Standard Holocaust potboiler, nicely narrated but nothing special.

The perils and wiles of a Jewish girl who escapes from Poland during WWII and travels to France to fight with the Resistance.

Zacharius (founder and CEO of Kensington Publishing) debuts with this story of Marisa (“Mia”) Levy, who grows up in a well-to-do family in Lodz, where her father runs a successful medical practice. Cultivated but provincial, the Levys have great hopes for Mia, a talented pianist, and send her to study in Paris. The war, unfortunately, puts an end to just about everyone’s ambitions—especially for Jews living under Nazi occupation. Mia’s father sizes up the situation right away: The Ghetto of Lodz (administered by the notorious Jewish collaborator Chaim Rumkowski) has been set up to bleed the Jews slowly of all their property before dispatching them to Auschwitz as quietly as possible. He tries to short-circuit the process by bribing an official for safe passage out of the country but is betrayed and ends up in the camps after all.
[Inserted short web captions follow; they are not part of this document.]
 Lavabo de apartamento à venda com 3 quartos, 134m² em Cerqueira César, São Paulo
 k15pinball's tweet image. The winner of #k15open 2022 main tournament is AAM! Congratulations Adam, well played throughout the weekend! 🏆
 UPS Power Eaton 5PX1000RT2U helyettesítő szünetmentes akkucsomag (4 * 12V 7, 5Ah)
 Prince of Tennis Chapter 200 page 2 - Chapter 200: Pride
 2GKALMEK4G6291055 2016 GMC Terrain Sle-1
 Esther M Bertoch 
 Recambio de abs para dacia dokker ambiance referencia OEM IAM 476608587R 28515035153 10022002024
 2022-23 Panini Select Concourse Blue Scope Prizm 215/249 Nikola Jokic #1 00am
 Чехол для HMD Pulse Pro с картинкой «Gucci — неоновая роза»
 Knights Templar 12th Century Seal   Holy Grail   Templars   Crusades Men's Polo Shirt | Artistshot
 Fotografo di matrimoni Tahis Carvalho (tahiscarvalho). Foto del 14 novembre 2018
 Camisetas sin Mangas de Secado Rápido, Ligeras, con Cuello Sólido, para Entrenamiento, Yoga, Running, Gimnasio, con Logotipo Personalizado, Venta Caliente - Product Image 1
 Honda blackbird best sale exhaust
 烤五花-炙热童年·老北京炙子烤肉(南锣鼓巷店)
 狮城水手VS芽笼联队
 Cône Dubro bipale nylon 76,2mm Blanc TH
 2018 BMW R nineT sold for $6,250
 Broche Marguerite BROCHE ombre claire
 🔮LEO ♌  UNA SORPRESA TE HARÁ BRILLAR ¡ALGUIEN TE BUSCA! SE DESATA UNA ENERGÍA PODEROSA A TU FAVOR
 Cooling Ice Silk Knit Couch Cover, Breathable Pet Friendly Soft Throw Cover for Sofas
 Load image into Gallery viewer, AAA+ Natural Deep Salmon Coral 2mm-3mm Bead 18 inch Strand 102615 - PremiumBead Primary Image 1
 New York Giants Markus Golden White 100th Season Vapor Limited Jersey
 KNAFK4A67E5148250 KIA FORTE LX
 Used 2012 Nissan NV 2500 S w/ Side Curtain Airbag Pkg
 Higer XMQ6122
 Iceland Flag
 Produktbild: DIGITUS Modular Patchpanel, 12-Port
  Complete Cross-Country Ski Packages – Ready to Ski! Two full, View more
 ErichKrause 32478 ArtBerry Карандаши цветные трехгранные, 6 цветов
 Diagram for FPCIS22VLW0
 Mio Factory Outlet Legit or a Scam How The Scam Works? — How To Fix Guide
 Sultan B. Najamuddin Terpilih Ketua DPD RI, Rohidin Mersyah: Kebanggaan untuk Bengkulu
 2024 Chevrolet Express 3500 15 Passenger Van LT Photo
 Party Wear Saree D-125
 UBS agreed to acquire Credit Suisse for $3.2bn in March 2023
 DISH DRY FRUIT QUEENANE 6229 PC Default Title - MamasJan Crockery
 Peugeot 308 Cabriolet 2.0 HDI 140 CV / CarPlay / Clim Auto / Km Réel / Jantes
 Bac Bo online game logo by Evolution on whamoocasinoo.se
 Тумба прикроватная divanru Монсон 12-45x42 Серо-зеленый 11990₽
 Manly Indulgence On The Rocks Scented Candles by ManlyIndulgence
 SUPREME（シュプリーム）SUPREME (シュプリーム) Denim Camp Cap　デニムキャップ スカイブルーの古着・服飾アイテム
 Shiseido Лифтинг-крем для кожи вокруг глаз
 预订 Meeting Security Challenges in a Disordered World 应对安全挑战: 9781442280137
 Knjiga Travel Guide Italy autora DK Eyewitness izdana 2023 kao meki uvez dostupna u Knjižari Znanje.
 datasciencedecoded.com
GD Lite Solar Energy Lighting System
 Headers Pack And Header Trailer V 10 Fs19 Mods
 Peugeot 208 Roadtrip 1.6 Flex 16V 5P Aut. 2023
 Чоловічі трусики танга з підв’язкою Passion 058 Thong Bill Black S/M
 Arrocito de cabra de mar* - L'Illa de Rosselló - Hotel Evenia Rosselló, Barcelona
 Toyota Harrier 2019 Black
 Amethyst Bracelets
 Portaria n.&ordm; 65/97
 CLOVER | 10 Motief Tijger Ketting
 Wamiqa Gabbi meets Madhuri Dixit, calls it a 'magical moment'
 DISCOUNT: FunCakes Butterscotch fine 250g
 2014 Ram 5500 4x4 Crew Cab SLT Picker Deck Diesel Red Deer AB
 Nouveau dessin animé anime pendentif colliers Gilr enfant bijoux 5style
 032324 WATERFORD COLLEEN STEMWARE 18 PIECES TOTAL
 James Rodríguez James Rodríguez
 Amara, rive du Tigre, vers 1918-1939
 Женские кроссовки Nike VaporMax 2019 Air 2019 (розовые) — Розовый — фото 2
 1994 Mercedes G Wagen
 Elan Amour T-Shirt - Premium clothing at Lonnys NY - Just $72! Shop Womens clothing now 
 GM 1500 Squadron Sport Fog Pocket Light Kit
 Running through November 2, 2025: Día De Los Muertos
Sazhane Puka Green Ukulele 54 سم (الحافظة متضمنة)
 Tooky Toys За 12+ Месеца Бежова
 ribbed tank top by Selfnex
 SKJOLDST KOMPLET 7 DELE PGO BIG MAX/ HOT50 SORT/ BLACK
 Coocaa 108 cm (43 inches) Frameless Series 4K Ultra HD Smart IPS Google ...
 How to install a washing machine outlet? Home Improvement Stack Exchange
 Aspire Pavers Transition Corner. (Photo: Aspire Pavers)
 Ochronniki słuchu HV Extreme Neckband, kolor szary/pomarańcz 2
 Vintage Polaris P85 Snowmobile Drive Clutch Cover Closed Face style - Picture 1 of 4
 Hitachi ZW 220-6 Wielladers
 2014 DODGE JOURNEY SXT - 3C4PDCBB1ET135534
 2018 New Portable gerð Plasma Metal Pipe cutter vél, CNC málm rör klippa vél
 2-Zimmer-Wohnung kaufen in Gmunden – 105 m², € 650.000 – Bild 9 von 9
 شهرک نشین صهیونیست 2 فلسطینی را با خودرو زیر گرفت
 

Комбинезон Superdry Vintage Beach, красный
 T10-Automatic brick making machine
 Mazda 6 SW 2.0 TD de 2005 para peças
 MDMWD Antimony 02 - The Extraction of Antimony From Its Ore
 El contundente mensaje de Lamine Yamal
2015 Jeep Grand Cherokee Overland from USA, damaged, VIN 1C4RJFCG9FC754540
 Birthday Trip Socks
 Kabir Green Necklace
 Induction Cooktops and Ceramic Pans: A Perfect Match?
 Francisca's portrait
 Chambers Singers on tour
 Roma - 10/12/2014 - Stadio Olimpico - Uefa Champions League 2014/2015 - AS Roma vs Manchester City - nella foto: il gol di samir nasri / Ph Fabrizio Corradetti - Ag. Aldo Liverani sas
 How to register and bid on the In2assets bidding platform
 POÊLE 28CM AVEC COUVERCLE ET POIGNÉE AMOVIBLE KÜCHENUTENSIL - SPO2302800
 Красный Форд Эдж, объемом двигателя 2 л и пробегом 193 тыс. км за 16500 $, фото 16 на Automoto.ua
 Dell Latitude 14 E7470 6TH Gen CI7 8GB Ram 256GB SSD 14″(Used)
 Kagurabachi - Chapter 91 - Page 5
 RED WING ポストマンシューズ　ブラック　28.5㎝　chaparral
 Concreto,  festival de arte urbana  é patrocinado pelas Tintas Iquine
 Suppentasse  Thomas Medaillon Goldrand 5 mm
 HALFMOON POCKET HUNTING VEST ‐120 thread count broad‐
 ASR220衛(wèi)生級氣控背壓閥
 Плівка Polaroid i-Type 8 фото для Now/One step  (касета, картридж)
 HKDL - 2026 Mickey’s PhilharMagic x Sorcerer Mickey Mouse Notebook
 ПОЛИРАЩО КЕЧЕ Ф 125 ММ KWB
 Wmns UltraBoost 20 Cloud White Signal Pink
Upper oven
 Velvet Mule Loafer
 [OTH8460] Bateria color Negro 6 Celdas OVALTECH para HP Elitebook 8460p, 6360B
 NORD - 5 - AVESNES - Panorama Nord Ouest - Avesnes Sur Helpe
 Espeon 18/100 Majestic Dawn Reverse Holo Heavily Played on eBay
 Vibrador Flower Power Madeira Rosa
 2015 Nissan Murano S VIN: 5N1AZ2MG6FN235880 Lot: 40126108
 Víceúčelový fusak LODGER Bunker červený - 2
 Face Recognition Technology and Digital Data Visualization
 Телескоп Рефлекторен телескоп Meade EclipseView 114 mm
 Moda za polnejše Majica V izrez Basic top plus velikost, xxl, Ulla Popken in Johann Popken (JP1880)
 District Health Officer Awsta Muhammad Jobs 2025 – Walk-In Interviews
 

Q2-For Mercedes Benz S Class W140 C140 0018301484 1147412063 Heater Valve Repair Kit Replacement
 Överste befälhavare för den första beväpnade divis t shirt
Mia managedsto escape and get to Warsaw, where she joins an underground cell of Jewish partisans and is safely smuggled out of the occupied territories, first to Switzerland and later to the US. While staying with relatives in Brooklyn, Mia meets and falls in love with Vinnie Sforza, a big band clarinetist. She also makes contact with a secret branch of US Army Intelligence and provides them with information about the concentration camps and resistance movements in Europe. After America enters the war, Mia joins a branch of the special services that’s been set up to smuggle agents into France. Now, after all her trouble getting out, Mia is to return—but as an avenger rather than a victim this time. Since her parents are still alive in Auschwitz, her mission may become a rescue as well.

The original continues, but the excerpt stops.